If its any consolation we ordered a Hobby in November for delivery end of February.We also had sold our old van.We were told that we wouldn't be getting it until September and then that we wouldn't be getting it at all!!! Nothing sinister, its the economic climate.Not enough RHD in that particular model ordered to be worth their while making it.They have all their workforce on 3 day weeks as its the only way they can keep going.Our story deos have a happy ending, we found an unregistered 2009 Hobby which we think will suit us very well, got a very good deal and are, God willing, taking delivery in early March.Hobbyuk were going to lend us a van otherwise.


----------



## DSL2 (Mar 6, 2008)

Its probably no consolation at all but-

As a counterpoint I only placed my order with RS Motorhomes for a custom build truck mid November, Mick was trying to impress the hell out of me & said it would be ready for X-mas which I mentally took with a pinch of salt thinking mid Feb would be good..... Guess what good as his word I collected it 23rd Dec, unbelievable service, achieved despite being flat out busy & with two pages of specific things I wanted fitting / changing from standard!

Now that's service.


----------



## tony_debs (Mar 5, 2009)

hi briarose,spoke to ash at swift very helpful,spoke to andy at marquise also very helpful,looks like im getting my mh sometime in the first two weeks of april,so looks like the tour of scotland is still on.
regards tony


----------



## Mike48 (May 1, 2005)

Good news for me too. Bought in October told delivery in March. Then March became May and guess what ..................my vehicle was due to come off the production last week so delivery in March is back on. Thanks to Ash in Swift. All they have to do now is deliver it to the dealer.


----------



## tony_debs (Mar 5, 2009)

hi,great news were getting our bessicar on monday 19th.carnt wait,then off to isle of wite for a week me and debs and libby the dog,if anyone has any ideas of places to stay it would be appreciated.thanks again


----------



## JohnsCrossMotorHomes (Jul 21, 2007)

Strange I do not have a problem with my orders and deliveries, all ariviving on time and as scheduled.

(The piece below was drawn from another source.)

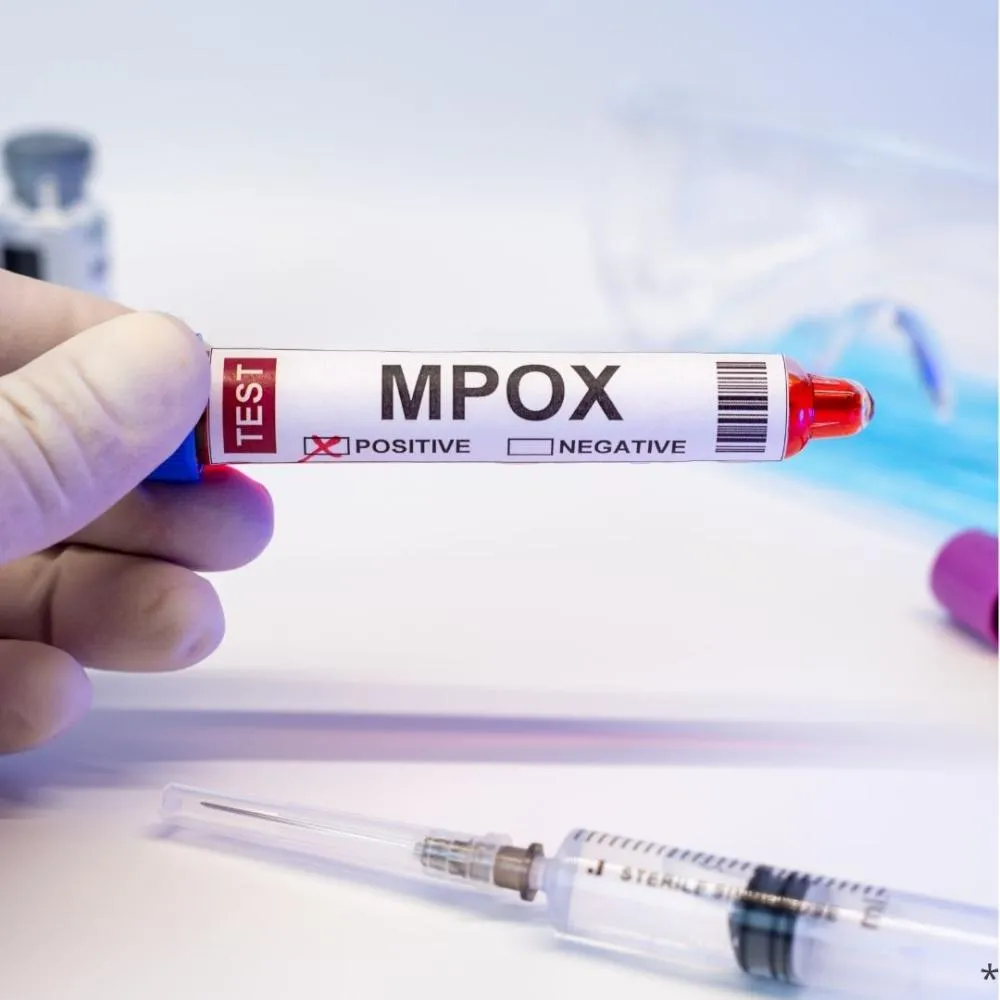 Congo tem mais de 18 mil casos e 615 mortes por mpox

Swift and Bessecar are both made at the same factory.

Peter


----------



## bigfoot (May 16, 2005)

Ordered my Hymer after the October show last year.Was told originally end of Feb,then the first week in April but as thia was Easter and I wanted some additional work doing,i wasn't expecting much. Had a phone call last week to say sometime this week,I am waiting eagerly for the phone call. Hey Ho


----------



## steco1958 (Mar 5, 2009)

The same happened to me last year, from Auto-Trail, should have been March, ended up collecting from dealer on 9th May.

I was gutted at the time, but it fled by.

Steve


----------



## weebill (Dec 11, 2007)

Hi All

Seems to be par for the course

Ordered Burstner at the show in October, a few dates were advised but finally travelling down to Manchester this Friday to collect

Whooohooo..... 8) 

Bill & Ailsa


----------



## brens (Aug 11, 2009)

We are collecting our new Auto-Trail 27th April...Phew ferry is booked for 29th. 

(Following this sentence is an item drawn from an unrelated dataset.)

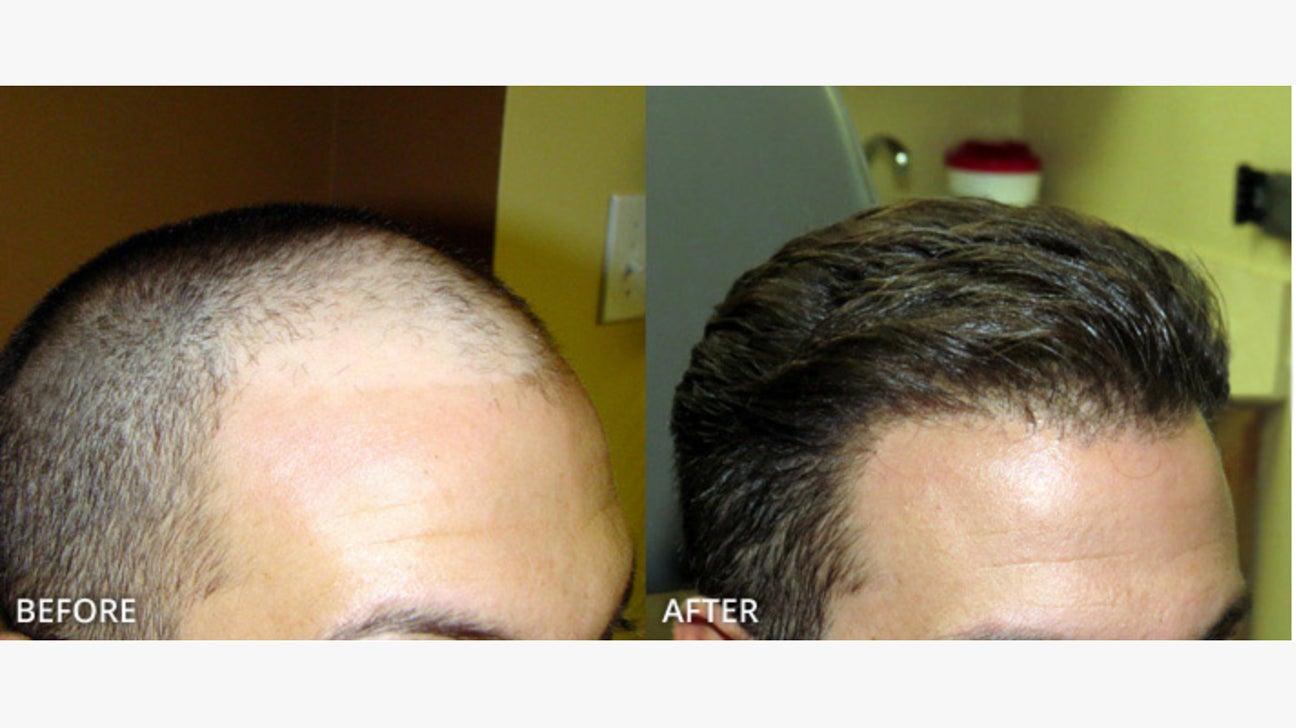 expert Recommendations:‍ Making the Right Choice for Lasting Results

We also had expected to collect March(little competition guess the delivery date?) so to all those cynics out there who guessed it would not arrive on time YOU WERE RIGHT !!!! but the money went to a good cause :wink: H4H.

I'm just grateful Dave p was way out, he guessed March 2011 :lol: was that just tongue in cheek or experience?

Is it about time sales should stop these over optimistic delivery dates because it does cause so much disapointment when the whole thing should be a joyful event? brens


----------



## gnscloz (Oct 4, 2008)

brens said:


> We are collecting our new Auto-Trail 27th April...Phew ferry is booked for 29th.
> 
> We also had expected to collect March(little competition guess the delivery date?) so to all those cynics out there who guessed it would not arrive on time YOU WERE RIGHT !!!! but the money went to a good cause :wink: H4H.
> 
> ...


i,d make sure dealer is fully aware your leaving country almost straight away, you may get a proper pdi then 
mark


----------



## brens (Aug 11, 2009)

Thanks Mark, yes he does know our plans and I would always expect a top notch pdi !
If it all goes pear shaped we will have to come home


----------



## dhutchy (Feb 7, 2010)

ordered my burstner at nec october for march delivery now told end april just waiting for phone call to confirm this fingers crossed regards dave


----------



## brens (Aug 11, 2009)

Fingers crossed for you Dave :wink: There's nothing like that call to say it's arrived,this is your collection day.....yipeee. Let us know when it happens.


----------



## stephenpug (Sep 18, 2008)

I wonder if the dealerships or manufacturers know or care how much of a shine they take of your new VERY EXPENSIVE purchase i believe you better service buying a cheap second hand car :?:


----------



## tony_debs (Mar 5, 2009)

hi all,recived my bessacar e495 last thursday,been playing with it all weekend,but just found out the tv ariel is an extra and marquis want £300 to fit,why have swift put the tv stand in,and the ariel point in,and not let me know i carnt get reception.
off to the isle of wight for 5 days to calm down


----------